Due agenti vi accompagneranno nel corso della visita per verificare
il rispetto delle regole, ma il decalogo delle formalità merita
indubbiamente di essere affrontato per regalarsi l'immersione di
un giorno nel cuore dell'Arcipelago Toscano. Qui, proprio grazie
al lavoro dei detenuti, si sono conservate al meglio le caratteristiche
originarie e Gorgona continua a mostrare ancora oggi il suo volto
selvaggio e vergine. Gli unici insediamenti che testimoniano della
storia isolana sono la Torre Vecchia e la Torre Nuova: la Torre
Vecchia è arroccata sull'orlo di una roccia a strapiombo sul mare
in località Costa dei Cantoni e venne costruita dai Pisani attorno
al XII secolo. La Torre Nuova risale invece all'epoca medicea, e
venne costruita per volontà del Granduca di Toscana nel 1600: per
un lungo periodo ha ospitato un carcere, poi è stata abbandonata
e versa in condizioni di degrado. Gli etruschi, i romani e i primi
eremiti cristiani hanno quasi certamente abitato questa terra, ma
del loro passaggio non è rimasta alcuna traccia: il tesoro della
Gorgona è la natura, che qui è ancora oggi libera di esplodere nel
suo splendore, al riparo dai danni provocati dalla presenza dell'uomo.

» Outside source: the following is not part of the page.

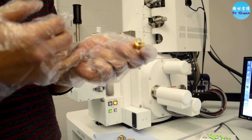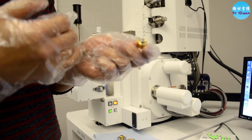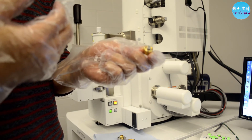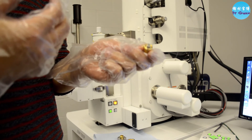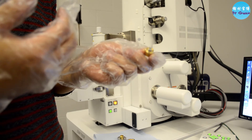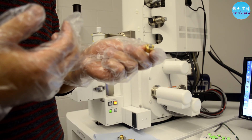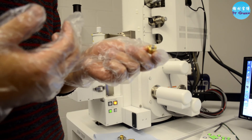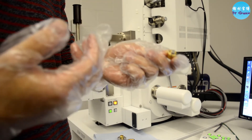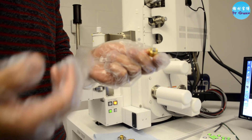Another advantage of using silver paste is to avoid carbon contamination. When you focus the beam on the sample, the carbon sticker can be vaporized or damaged during the vacuum or electron beam scanning. So my suggestion is to avoid using a carbon sticker if you can, especially for EBSD runs.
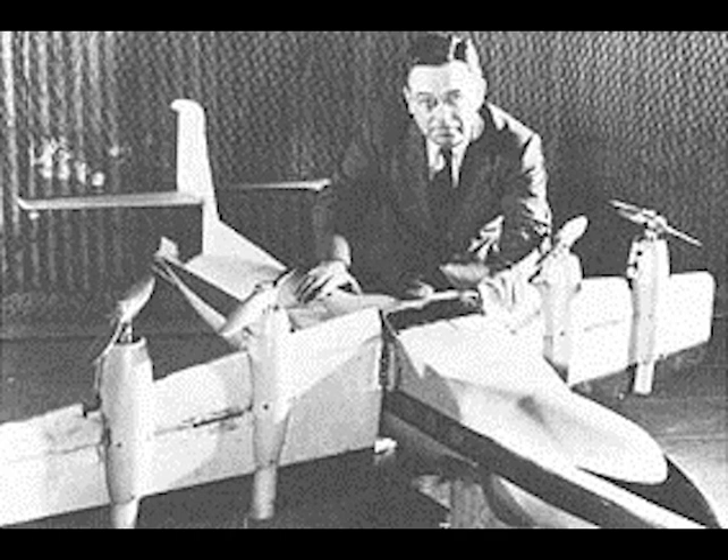Well, let's start off with a little history. In the 1930s, Charles H. Zimmerman was a well-known aeronautical engineer who advocated for the idea of discoidal aircraft, or flying discs, which came to be known as the Zimmer Skimmer, or flying pancake.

La macchia mediterranea è a dir poco rigogliosa, ma sono presenti
anche alberi ad alto fusto come i pini e i lecci. I fondali della
Gorgona, dove l'habitat non ha subito alcun tipo di alterazione,
sono assolutamente trasparenti ed ospitano una fauna e una flora
ricchissime ed incredibilmente variegate.